Já a dedução-criança no imposto de renda é taxada pelo estudo de “Bolsa Família dos ricos” criado “quase cinquenta anos antes do Bolsa Família dos pobres.”

A crítica se dá porque a dedução é em cima da renda tributável e não sobre o imposto a pagar. Então, quem tem renda inferior a R$ 1.903,98, não tem direito a esse benefício. Quem está na faixa dos R$ 4.664,68, ganha R$ 52,14 de desconto se tiver criança como dependente.

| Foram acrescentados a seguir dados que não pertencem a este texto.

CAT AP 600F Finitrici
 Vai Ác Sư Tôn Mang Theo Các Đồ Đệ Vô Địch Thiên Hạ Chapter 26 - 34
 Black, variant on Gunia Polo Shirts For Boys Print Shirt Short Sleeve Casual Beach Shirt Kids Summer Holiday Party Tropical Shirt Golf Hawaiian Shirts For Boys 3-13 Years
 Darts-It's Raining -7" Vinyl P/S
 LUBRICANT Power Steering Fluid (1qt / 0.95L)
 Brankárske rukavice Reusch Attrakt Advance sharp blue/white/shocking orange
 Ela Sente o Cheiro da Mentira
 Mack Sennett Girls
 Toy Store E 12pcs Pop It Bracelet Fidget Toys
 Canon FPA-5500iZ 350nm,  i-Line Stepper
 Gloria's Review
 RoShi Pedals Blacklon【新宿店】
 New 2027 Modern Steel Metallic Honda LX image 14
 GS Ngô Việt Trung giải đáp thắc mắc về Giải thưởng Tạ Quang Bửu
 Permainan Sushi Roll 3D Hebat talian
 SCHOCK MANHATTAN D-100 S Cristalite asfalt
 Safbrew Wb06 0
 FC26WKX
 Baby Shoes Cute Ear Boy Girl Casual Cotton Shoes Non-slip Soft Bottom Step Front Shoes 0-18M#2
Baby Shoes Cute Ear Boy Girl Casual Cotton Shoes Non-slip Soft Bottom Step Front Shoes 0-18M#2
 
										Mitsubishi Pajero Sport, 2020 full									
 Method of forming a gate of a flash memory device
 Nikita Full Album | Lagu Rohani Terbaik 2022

“Trata-se, evidentemente, de um benefício extremamente regressivo focado quase que exclusivamente nos mais ricos e difícil de justificar”, diz o estudo.

Na questão do Abono-Salarial, há também crítica à “dupla indexação ao salário mínimo”: o benefício é pago a quem ganha entre 1 e 2 salários mínimos, e o valor anual é também de 1 salário mínimo.

O estudo alega que “as coisas mudaram”, que o Abono foi lançado quando o salário mínimo valia menos da metade do que vale hoje. “Torna-se difícil justificar o Abono-Salarial. É ainda mais difícil entender o porquê desta transferência contar com um orçamento que é uns 80% do gasto anual do Bolsa Família.”

PROMESSAS

Na introdução, os autores ainda dizem que o ideal era acabar com a rede de assistência atual e projetar uma nova para atender o mesmo público e ampliar os beneficiários, mas isso seria de difícil execução. Por isso, surgem com a proposta de fusão. Embora ainda não tenham fechado os detalhes, eles alertam que será preciso mudanças na Constituição para concretizar todo o processo.

Além disso, a proposta promete melhorar os índices de desigualdade no País, elevando, nas projeções encomendas ao Ipea, o coeficiência de Gini dos atuais 1,10 para 1,97 a 2,03.